SUPPLIED RECORDS below:
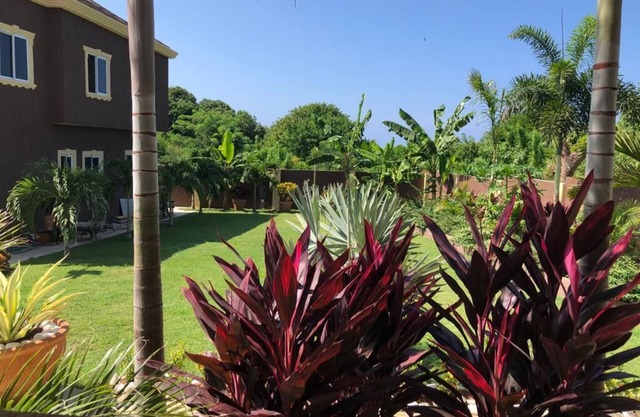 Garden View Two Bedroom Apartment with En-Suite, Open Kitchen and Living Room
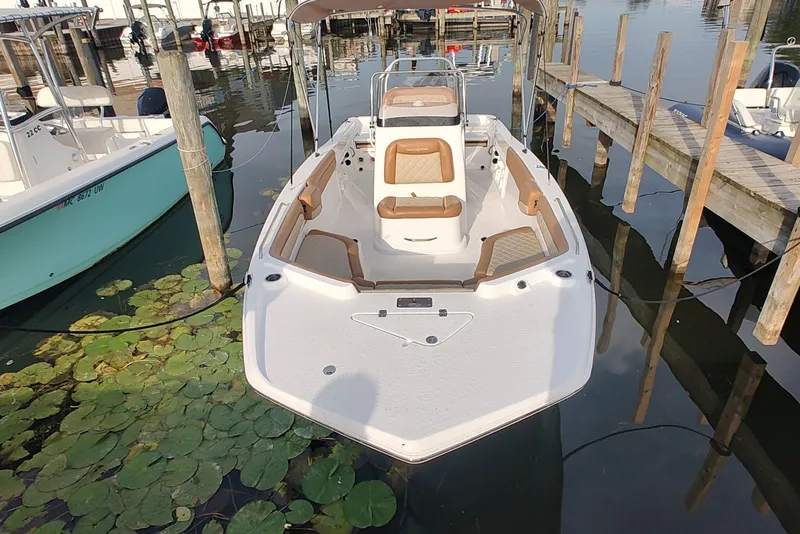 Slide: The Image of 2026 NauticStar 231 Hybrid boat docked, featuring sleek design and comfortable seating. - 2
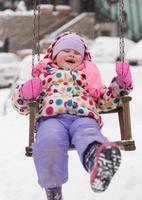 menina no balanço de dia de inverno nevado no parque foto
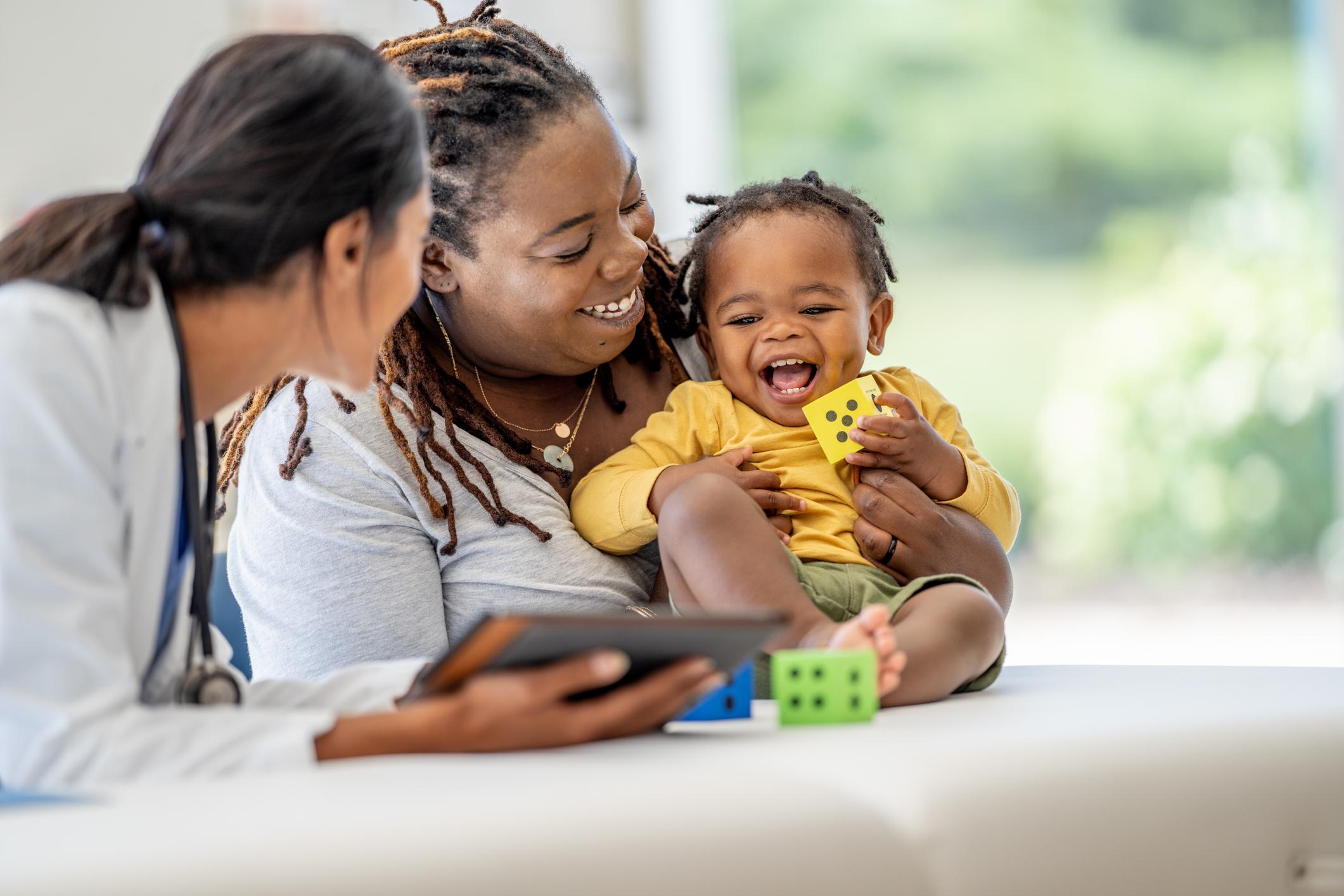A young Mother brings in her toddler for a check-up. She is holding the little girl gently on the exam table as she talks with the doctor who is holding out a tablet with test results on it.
End of SUPPLIED RECORDS.
SUPPLIED RECORDS below:
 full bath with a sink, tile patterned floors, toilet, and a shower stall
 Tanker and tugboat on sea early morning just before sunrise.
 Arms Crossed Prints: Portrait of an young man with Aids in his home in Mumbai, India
End of SUPPLIED RECORDS.
SUPPLIED RECORDS below:
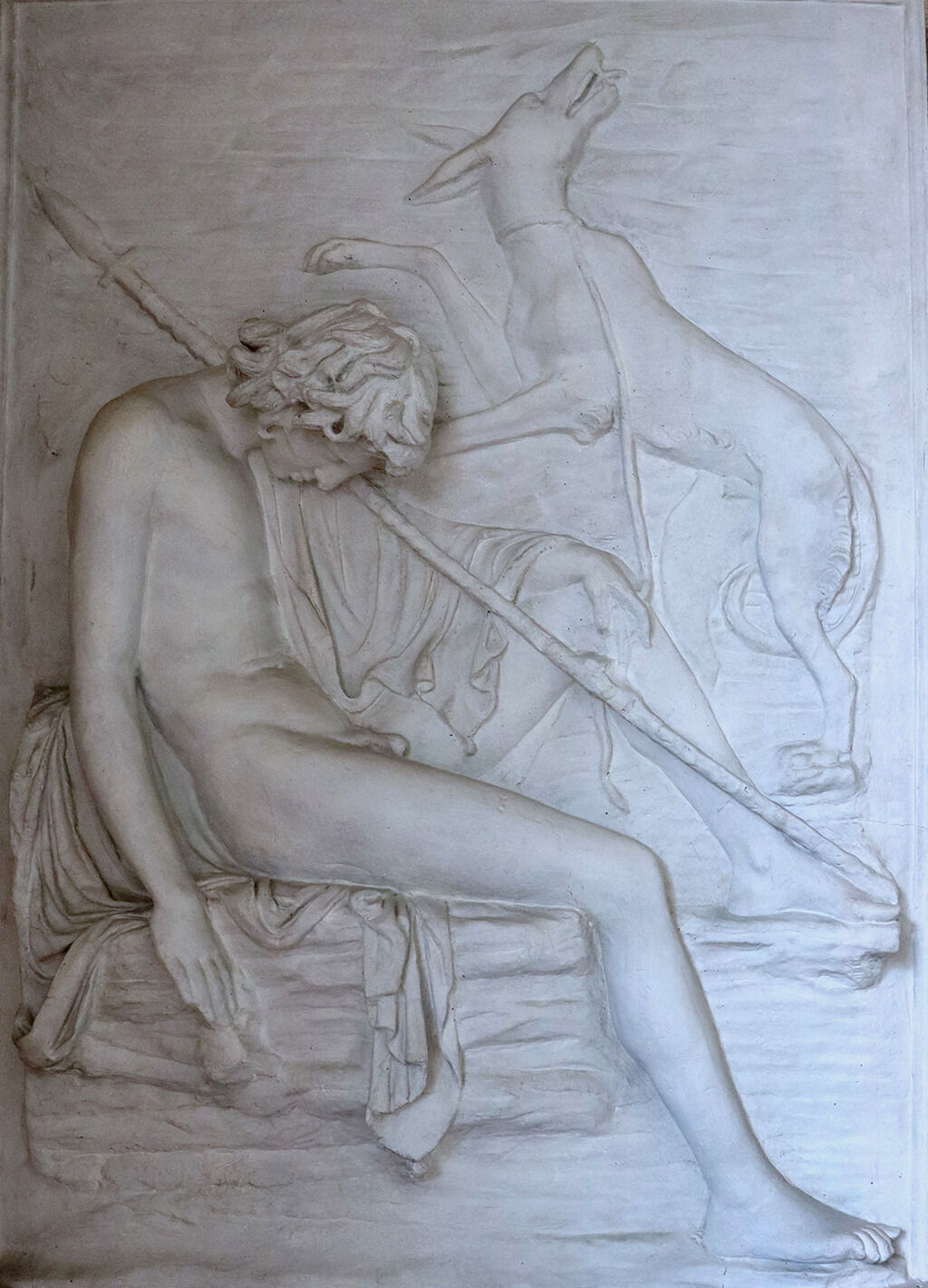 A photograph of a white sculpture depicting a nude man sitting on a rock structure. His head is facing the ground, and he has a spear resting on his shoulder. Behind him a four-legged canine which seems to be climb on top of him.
End of SUPPLIED RECORDS.
• [EXERCISE AIM]: Lines wanted from the listing above: the line with "Tanker and tugboat" up to and including the line with "Arms Crossed Prints: Portrait". Please write them out exactly, adding nothing else.

• [REPLY TO THE TASK]:
 Tanker and tugboat on sea early morning just before sunrise.
 Arms Crossed Prints: Portrait of an young man with Aids in his home in Mumbai, India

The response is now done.